Problems? Continue reading.

Publications

This corpus and its generation of emotion labels is described in

  • Hendrik Schuff, Jeremy Barnes, Julian Mohme, Sebastian Padó, and Roman Klinger. Annotation, modelling and analysis of fine-grained emotions on a stance and sentiment detection corpus. In Proceedings of the 8th Workshop on Computational Approaches to Subjectivity, Sentiment and Social Media Analysis, Copenhagen, Denmark, 2017. Workshop at Conference on Empirical Methods in Natural Language Processing, Association for Computational Linguistics. [pdf]

Please consider to also cite the original publication of the SemEval 2016 data set:

  • Stance and Sentiment in Tweets. Saif M. Mohammad, Parinaz Sobhani, and Svetlana Kiritchenko. Special Section of the ACM Transactions on Internet Technology on Argumentation in Social Media, 2017, 17(3).

Obtaining the full annotation data

If you have a system with a shell and wget, you can obtain all annotations at once automatically with the following script:

Please download this script, gunzip it and execute it. The script first downloads the original SemEval data and combines it line by line with all annotations. These are 6 times 8 columns, in which a group of eight columns corresponds to annotations for one annotator for the emotions in the order "Anger Anticipation Disgust Fear Joy Sadness Surprise Trust". A 1 means, that the annotator marked the emotion to hold, a 0 that it does not hold.

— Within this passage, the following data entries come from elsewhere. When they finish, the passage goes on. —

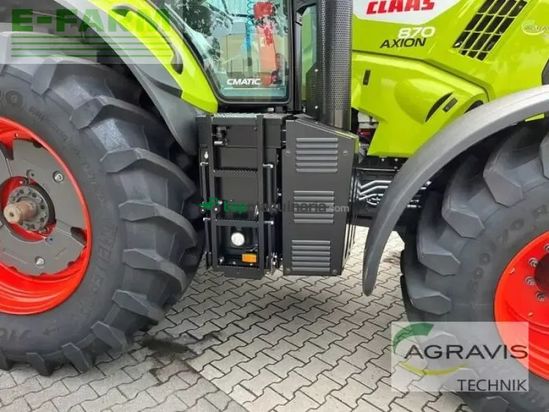 Tractor agrícola - Claas - axion 870 cmatic cebis CMATIC CEBIS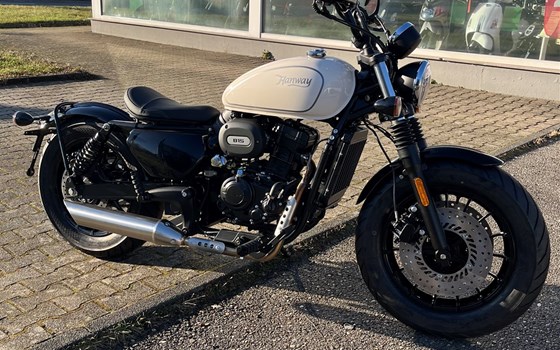 neuer 125er Bobber mit 15 PS und ABS von Hanway - Bild 15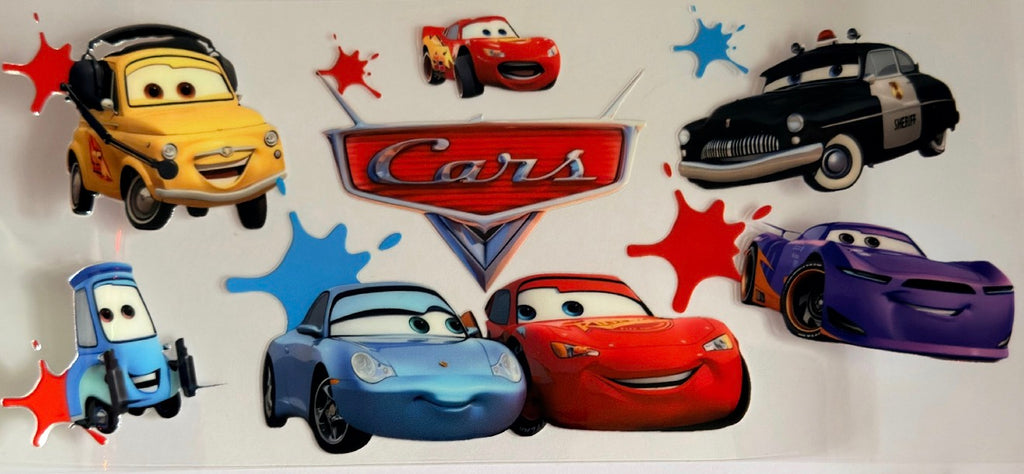 Toy Story/Ratatouille/Cars Wraps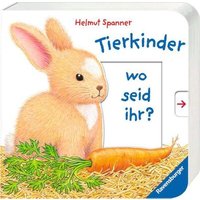 RAVENSBURGER 43985 Tierkinder, wo seid ihr? RAVENSBURGER 43985 Tierkinder, wo seid ihr? von Ravensburger
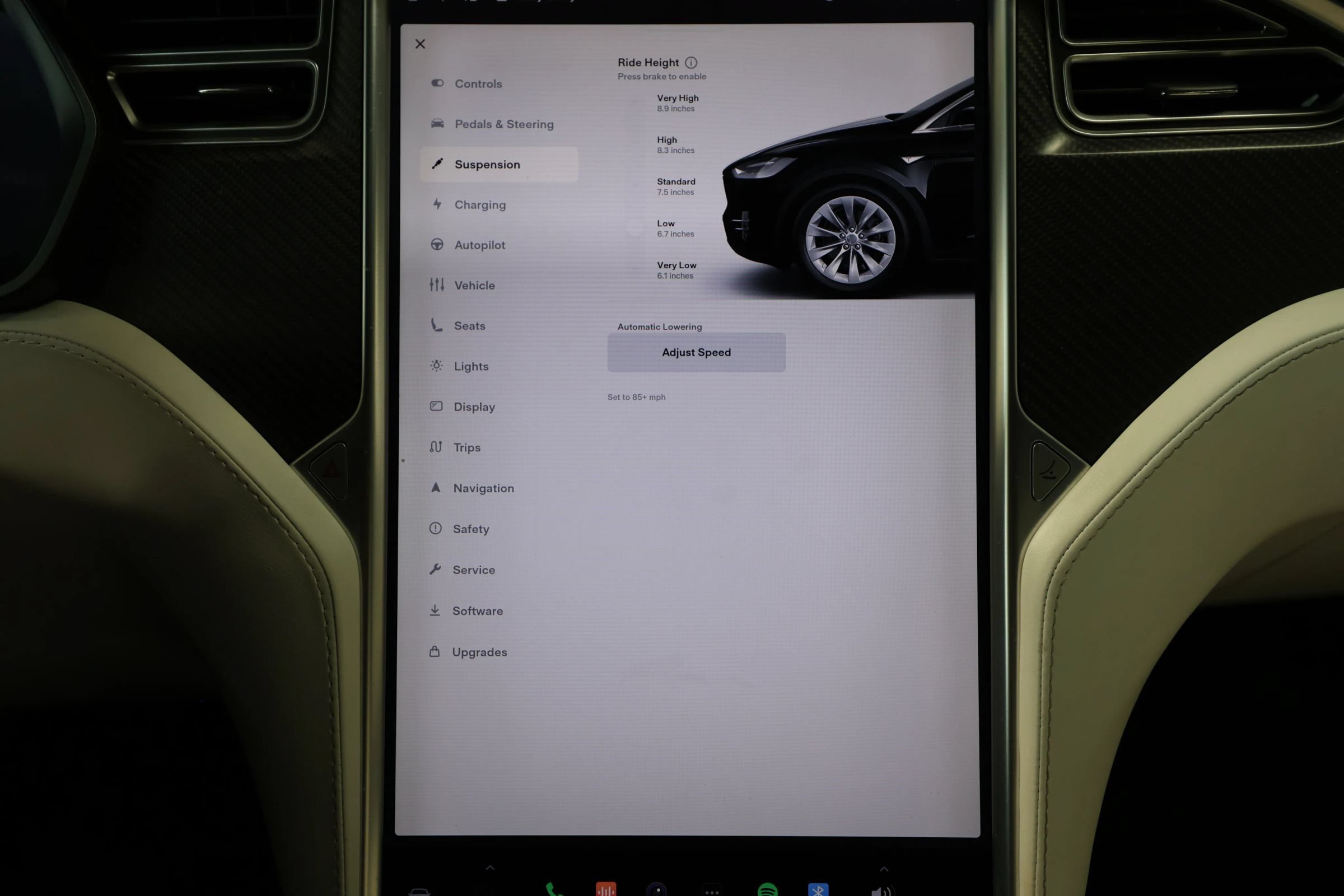 Used 2017 Tesla Model X 90D AWD/4WD image 63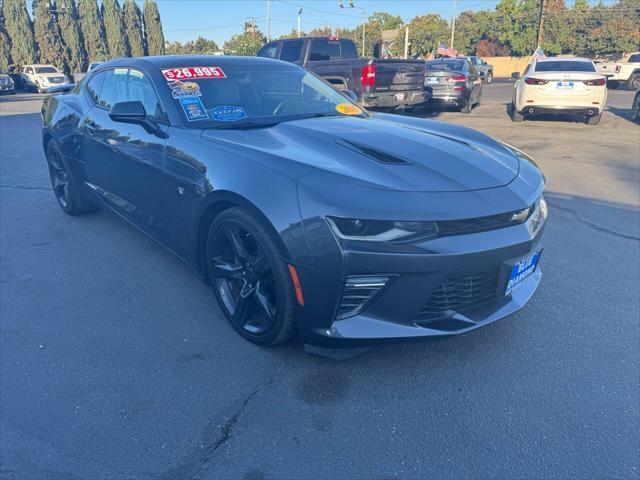2016 chevrolet camaro 2ss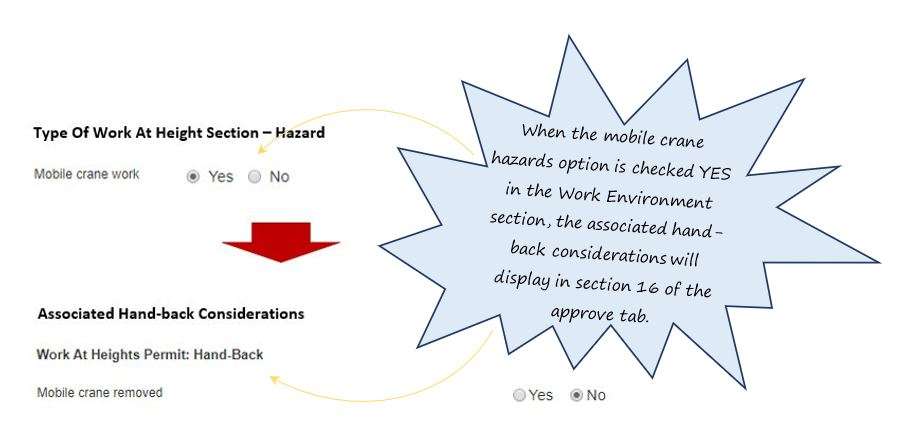 What are the layer effects of the WAH tab, in OHS Online? What are the layer effects of the WAH tab, in OHS Online?
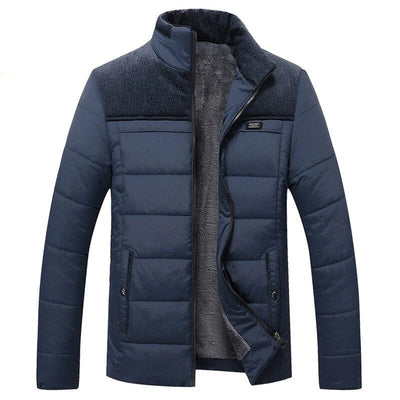 Boss Gevoerde Fleece Jas voor Mannen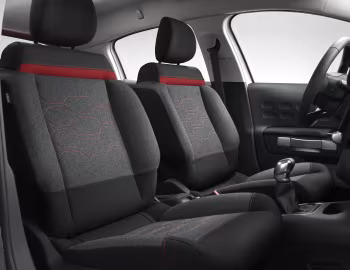 Інтэр'ер Citroën C3 [Worldwide] '2016–20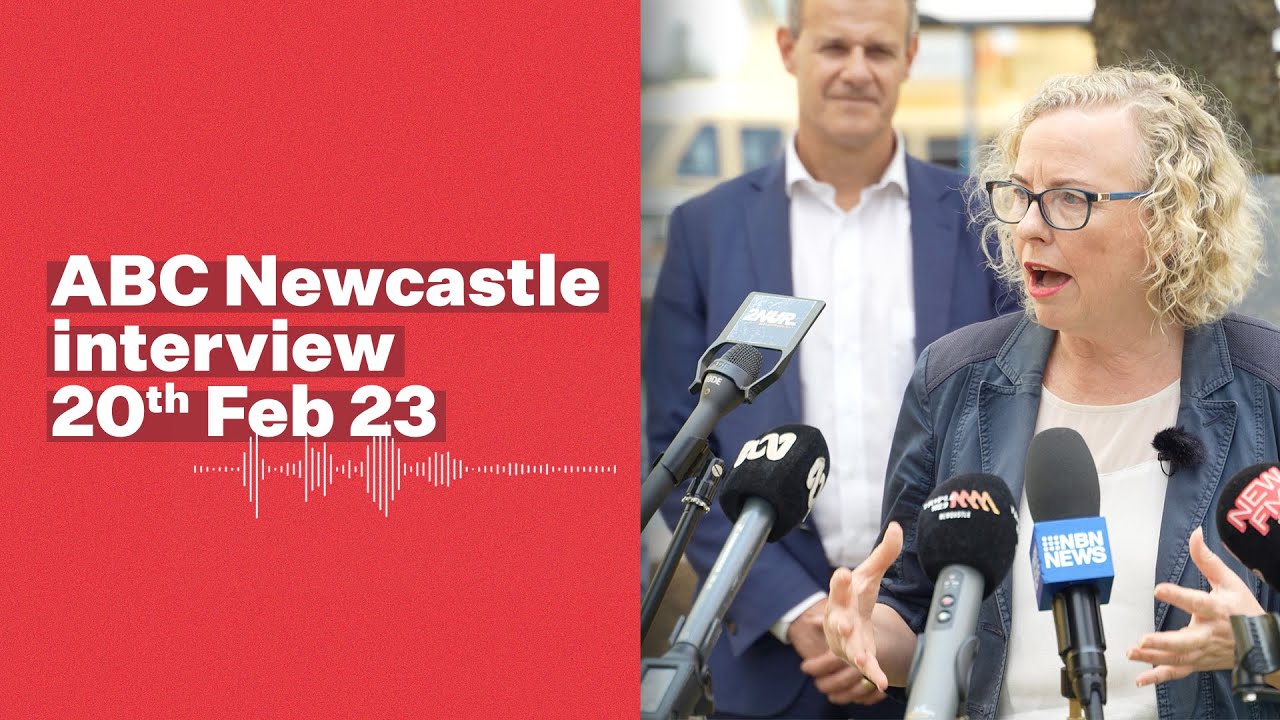 ABC Newcastle interview with Sharon Claydon on Women in Politics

A -1 means, the annotator did not annotate this instance.

If this script did not work for you, please perform the following steps:

  • Download the original SemEval data from http://alt.qcri.org/semeval2016/task6/data/uploads/stancedataset.zip
  • Unzip the file and find train.csv and test.csv. Note that when you are not on a Windows machine, that you want to change the line breaks (for instance with tr '\r' '\n'). You also might need to set LC_ALL=C to be able to deal with special symbols in the file, depending on your editing environment).
  • Download these two files: train-annotations.csv and test-annotations.csv. The contain the annotations for both train.csv and test.csv from the original data, corresponding line by line, after stripping the header from the original data files.

Obtaining the annotation aggregation

Please download the file ssec-aggregated.zip.

It contains training and test files in five variations for the different thresholds mentioned in the paper. The lines correspond to the original train.csv and test.csv files.

Note

Two lines in the original data were not annotated. They are marked in the annotation files with XXXXXXXXXXXX EMPTY ANNOTATION. You most likely want to ignore them.